I am determining the Area-Product of the core required for a transformer to be used within a series resonant converter. The specifications are as follows:
- Switching frequency = 400 kHz
- Primary current = sine wave with a peak value of 500 mA
- Power output = 1 W
These are my calculations:
- I decided to use a core made out of N49 (since many such cores are already available)
- From the data given on this website, I have determined the saturation flux density of the ferrite core as: 0.04 T (approx.)
- The winding factor is considered to be 0.2
- Since we are dealing with 400 kHz, I decided to use a Litz wire with a 44 AWG strand size which has a bare Copper diameter of approximately 0.051 mm
- Since the RMS value of the primary current is 0.353 A, I decided to use a Litz wire with 18 such strands. This may be too much, but it is fine for my initial design (the overall conductor area now comes out to be 0.0368 \$mm^2\$).
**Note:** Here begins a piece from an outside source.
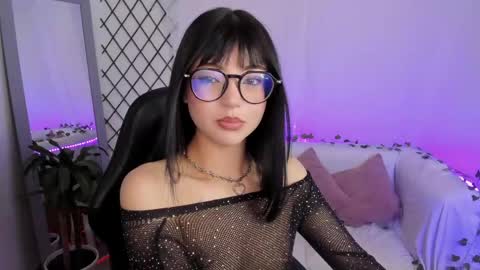 Snapshot of mia_collins_b chatting on May 2026 10:25:01 PM mia_collins_b online show from May 2026 10:25:01 PM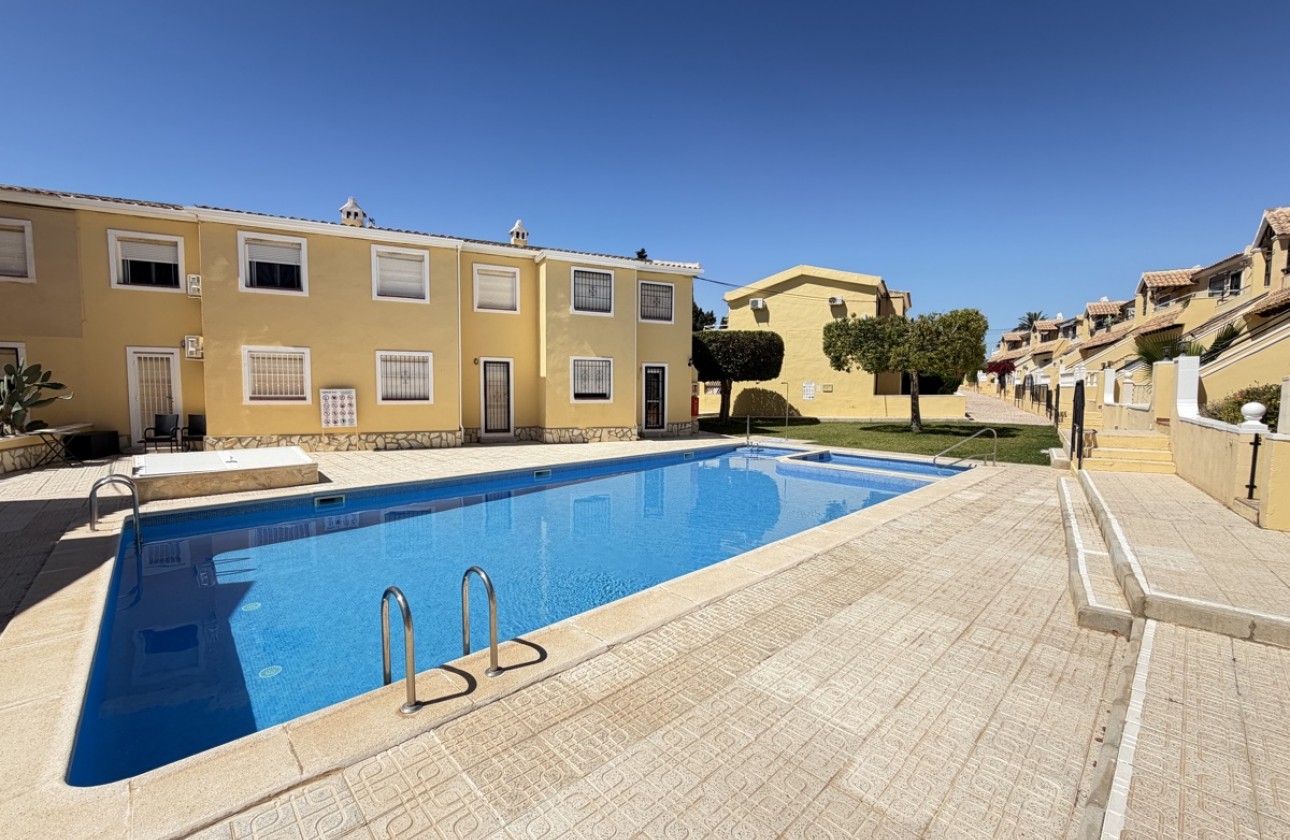 Reventa - Apartamento / piso - Villamartin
- I calculated the current density of this conductor as follows: \$J = \frac{0.353}{0.0368} = 9.59 A/mm^2\$
- The Area-Product of the transformer is given by: \$A_cA_w = \frac{VI}{2\; f_{sw}\; B_m\; k_w\; J} \$ This gives a value of \$\frac{1}{2 \times 400000 \times 0.04 \times 10^{-6} \times 0.2 \times 9.59} \$ = \$ 16.293\; mm^4\$
Is my area-product calculation correct based on the specifications? Is the saturation flux density value as well as the current density, correct? Also, will there be any issue due to more number of strands (more than the required value) within the wire?